Supporting the women in your life is as easy as not pretending you’re one of them.

There are two types of male feminists in the world these days: Your friend who took a women’s studies course in college and Barack Obama. Of the two, Barack Obama is the right kind … even in spite of the penis I like to think he has.

He made this crystal clear in a moving essay for the Glamour last month which he came out staunchly as a feminist man. Praising the progress of American women over the past century, he denounced dated gender roles and the routine harassment women continue to face, all while pledging to continue to work on securing equal pay and reproductive rights for us broads in the future.

“We need to keep changing the attitude that raises our girls to be demure and our boys to be assertive, that criticizes our daughters for speaking out and our sons for shedding a tear,” he wrote. “We need to keep changing the attitude that punishes women for their sexuality and rewards men for theirs.”

Damn, Obama. It’s like you’re inside my head.

If you read his essay, and you should, you'll see that he got right what so many self-proclaimed “male feminists” get wrong. Instead of claiming to be part of a women’s movement and appropriating ladies’ values as his own — without actually understanding the challenges they face — he simply acknowledged our struggles, promised to support us, and took responsibility for enacting change himself.

That’s it. That’s all we need from men.

We don’t need you to pretend to know how we feel. We don’t need your sympathy. You don’t get a cookie for agreeing that we should kinda sorta get paid as much as you do. We need your ears, your support and for you to do something other than label yourself as one of us and feel self-satisfied for doing so.

Too often, men are applauded for showing up to the party, despite what they actually bring to it. They use feminism as an opportunity to talk down to women by explaining what the movement is to them, or they insist they’re “one of the good guys” all while retaining the same ingrained biases that continue to keep women as the more marginalized gender.

Because of this, the “male feminist” label has become nothing more than white noise, signifying little else than empty appropriation of a popular group’s issues. It’s like a Joy Division t-shirt you bought at Urban Outfitters; you wear it until someone asks you what your favorite track from Unknown Pleasures is, and then — your gig is up.

So instead of claiming to be a male feminist just because you think women also deserve to vote and serve in the military, use a different method to show your support.

Use the allyship model.

Long used by the queer community to describe straight folks outside the LGBT spectrum who are aligned with the movement’s goals, allyship promotes support rather than misguided appropriation. An ally is not an identity or a label; rather it’s what the Anti-Oppression Network calls “a lifelong process of building relationships based on trust, consistency, and accountability with marginalized individuals and/or groups of people.”

There’s an important lesson in allyship for self-proclaimed male feminists: men can and should work for gender equality, but sometimes that means less self-labeling and more action.

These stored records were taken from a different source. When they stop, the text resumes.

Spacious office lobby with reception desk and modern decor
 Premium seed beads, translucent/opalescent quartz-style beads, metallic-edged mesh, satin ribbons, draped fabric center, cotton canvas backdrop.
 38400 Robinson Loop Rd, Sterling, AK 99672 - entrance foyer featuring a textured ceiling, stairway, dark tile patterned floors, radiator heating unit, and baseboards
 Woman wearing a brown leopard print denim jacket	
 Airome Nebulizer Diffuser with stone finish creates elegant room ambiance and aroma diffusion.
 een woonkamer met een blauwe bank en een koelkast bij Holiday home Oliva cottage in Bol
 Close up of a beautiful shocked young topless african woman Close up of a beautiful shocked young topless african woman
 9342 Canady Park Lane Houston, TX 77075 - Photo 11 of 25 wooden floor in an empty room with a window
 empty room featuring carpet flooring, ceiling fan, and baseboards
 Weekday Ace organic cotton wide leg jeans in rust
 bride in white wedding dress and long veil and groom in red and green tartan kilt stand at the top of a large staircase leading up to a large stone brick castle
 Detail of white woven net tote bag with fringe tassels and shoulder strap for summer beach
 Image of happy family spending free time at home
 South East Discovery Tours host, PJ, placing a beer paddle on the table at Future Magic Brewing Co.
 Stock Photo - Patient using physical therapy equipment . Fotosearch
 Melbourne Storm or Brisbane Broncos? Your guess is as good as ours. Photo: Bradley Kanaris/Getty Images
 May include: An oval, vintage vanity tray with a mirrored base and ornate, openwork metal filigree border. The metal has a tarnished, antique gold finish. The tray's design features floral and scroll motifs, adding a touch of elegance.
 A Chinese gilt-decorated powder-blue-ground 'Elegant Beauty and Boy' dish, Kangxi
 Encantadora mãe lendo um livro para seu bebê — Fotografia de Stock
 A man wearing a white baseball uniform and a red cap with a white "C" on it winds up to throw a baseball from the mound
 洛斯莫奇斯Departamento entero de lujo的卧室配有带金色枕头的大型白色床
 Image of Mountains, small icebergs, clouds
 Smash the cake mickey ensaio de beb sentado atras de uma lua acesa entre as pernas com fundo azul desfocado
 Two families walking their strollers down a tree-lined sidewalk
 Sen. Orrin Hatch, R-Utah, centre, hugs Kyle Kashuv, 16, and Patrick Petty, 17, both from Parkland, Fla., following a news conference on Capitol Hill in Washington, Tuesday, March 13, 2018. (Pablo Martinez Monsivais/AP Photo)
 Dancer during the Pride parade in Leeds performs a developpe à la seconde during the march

And of that action? You can show your support by talking to women, listening to them and supporting their needs. Recognize inequality in the world, get pissed off about it and do what’s in your power to change it. Go against the grain, and be one of the men who knows patriarchy sucks for more than just women. Dive face-first into your emotions and embrace them, unencumbered by the stupid belief that doing so will make you "girly." Make female friends you appreciate for who they are, not for the potential fuck they could be; who trust you to stick up for them without expecting any favors in return. Educate yourself. Then do it some more. Ask women questions about their experiences. Know you're entitled to nothing.

Allyship is not ownership; it’s being a humble guest in someone else’s struggle, learning from it, and doing what you can to make the world a more just and equitable place.

That distinction between labeling and action is important, not just for feminist men, but for everyone who wants to support people whose experience they cannot claim for themselves.